**Work to be completed**
A faithful copy of the data is what is wanted, minus any pictures.

(Items listed in a dataset)
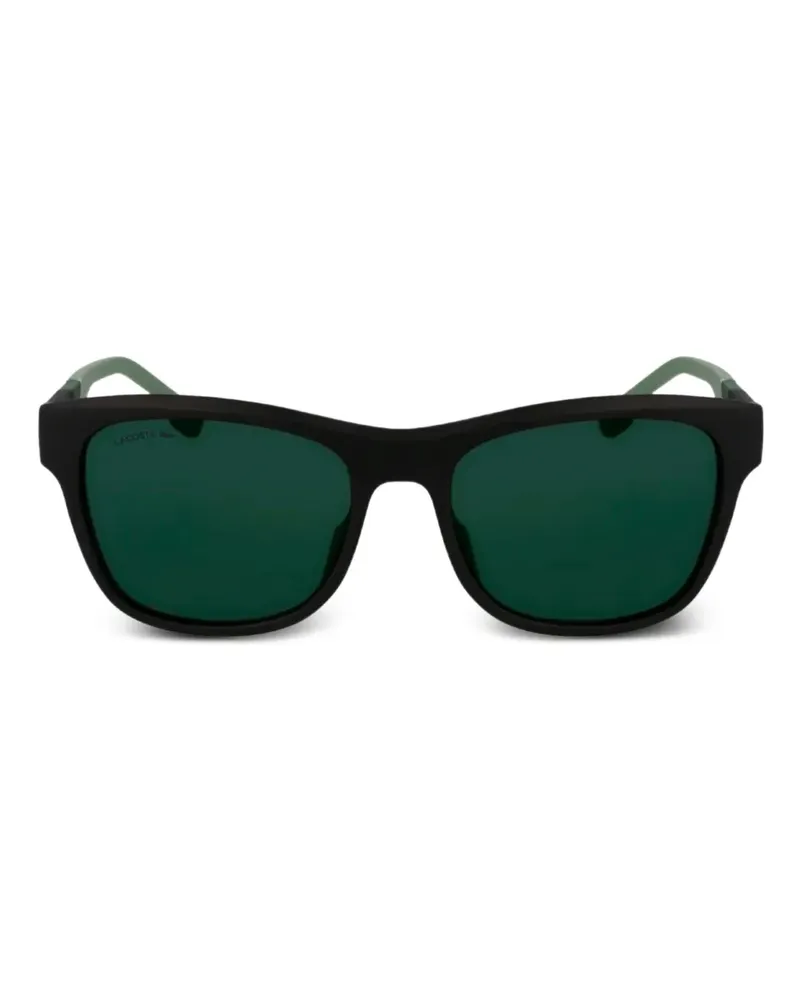 Lacoste Sonnenbrille mit eckigem Gestell - Schwarz Schwarz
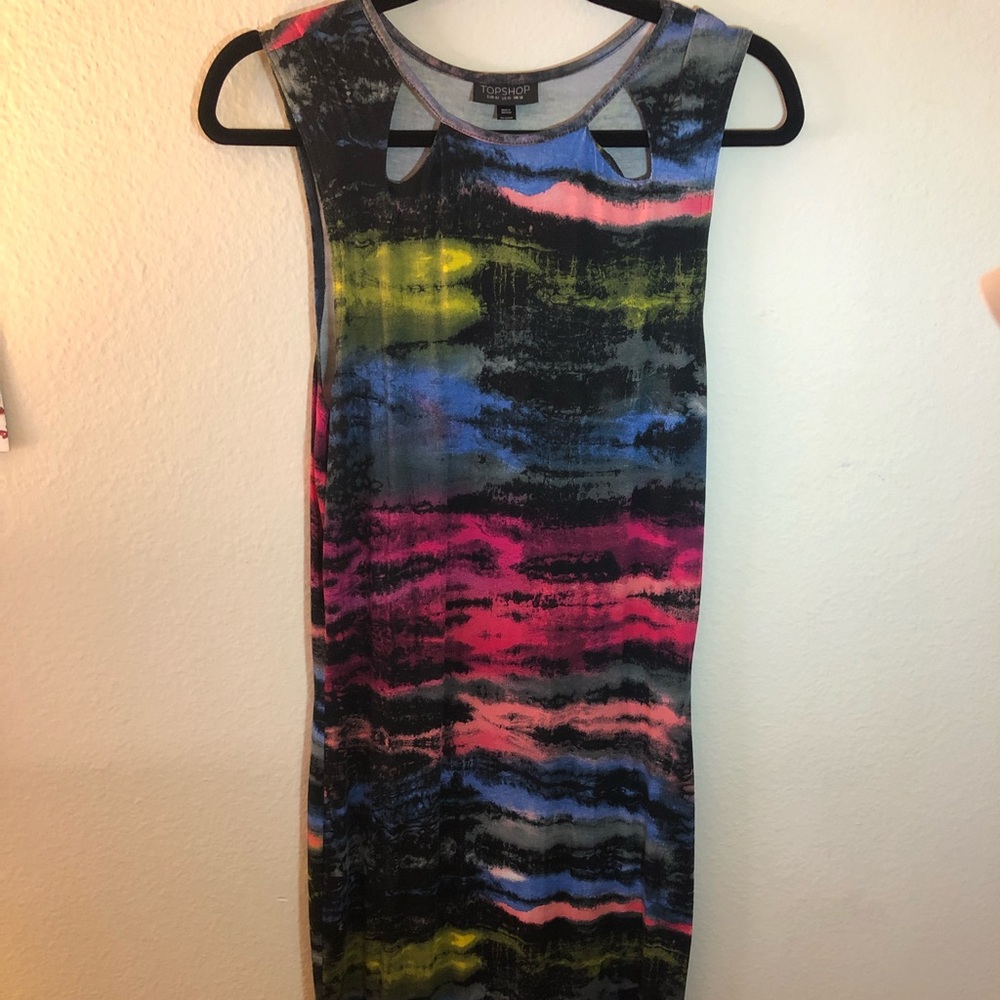 Top shop maxi midi dress with slit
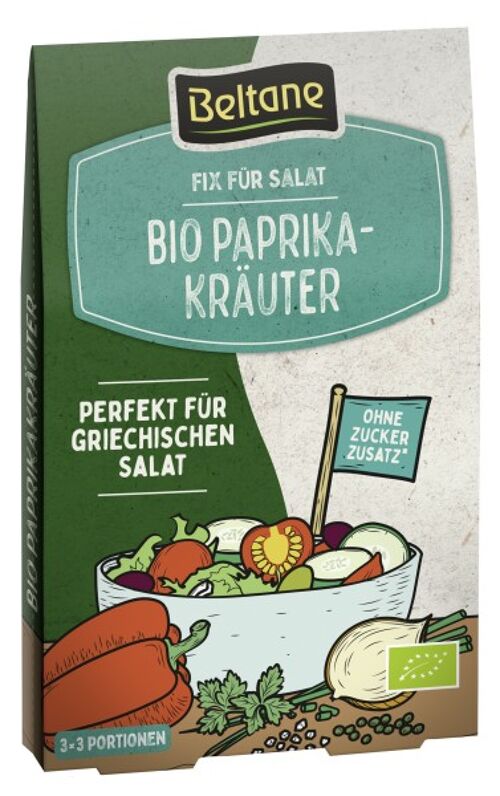 BIO Beltane Fix für Salat Paprikakräuter 10er Tray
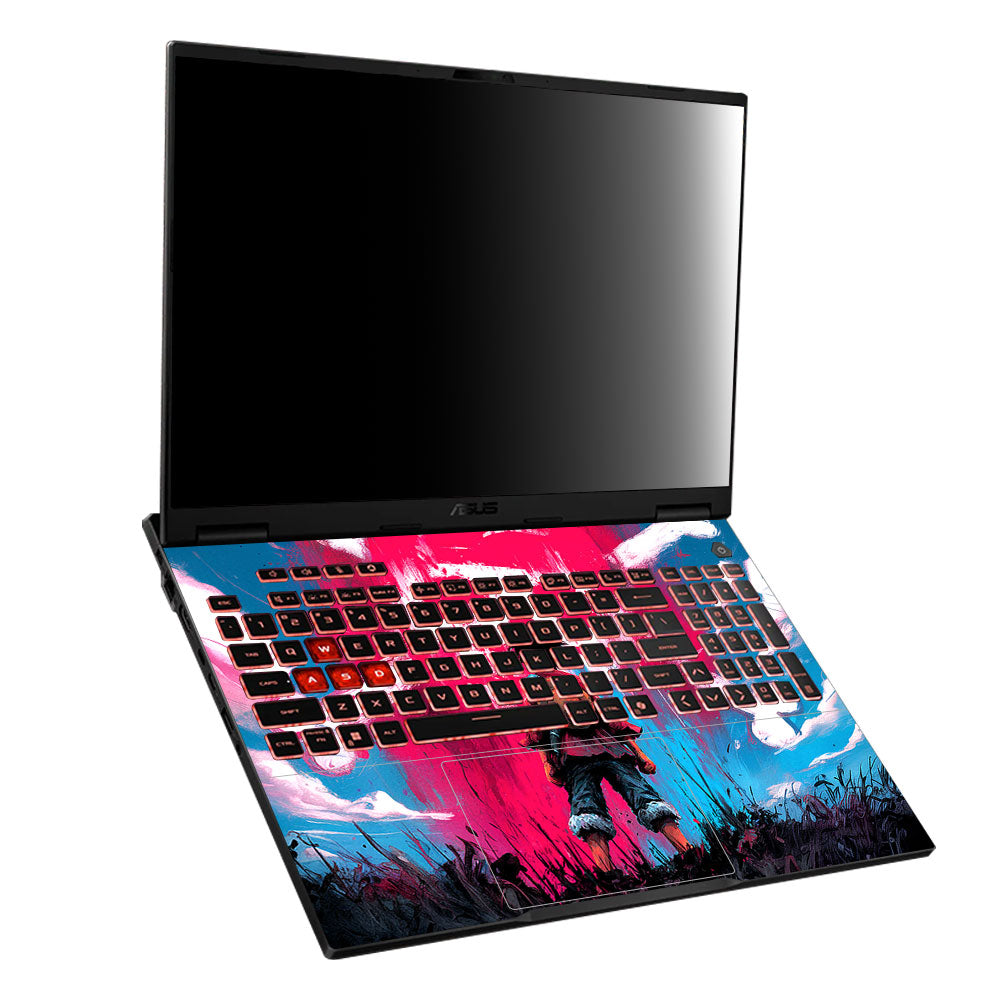 Anime Pirate Graffiti Asus TUF Gaming F16 2025 Laptop Skin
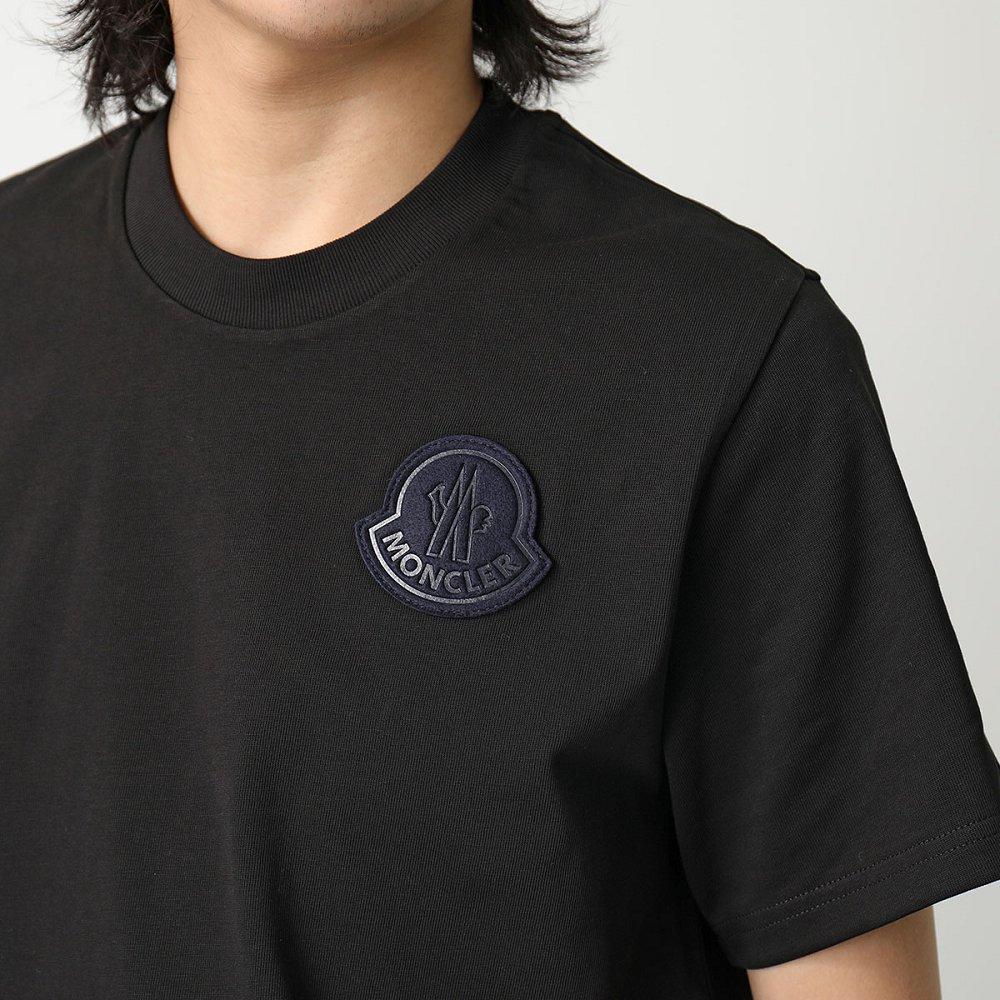 モンクレール Tシャツ メンズ 半袖 クルーネック カットソー コットン ロゴ アイコンパッチ 8C00069 83927 999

**Task output**
 Lacoste Sonnenbrille mit eckigem Gestell - Schwarz Schwarz
 Top shop maxi midi dress with slit
 BIO Beltane Fix für Salat Paprikakräuter 10er Tray
 Anime Pirate Graffiti Asus TUF Gaming F16 2025 Laptop Skin
 モンクレール Tシャツ メンズ 半袖 クルーネック カットソー コットン ロゴ アイコンパッチ 8C00069 83927 999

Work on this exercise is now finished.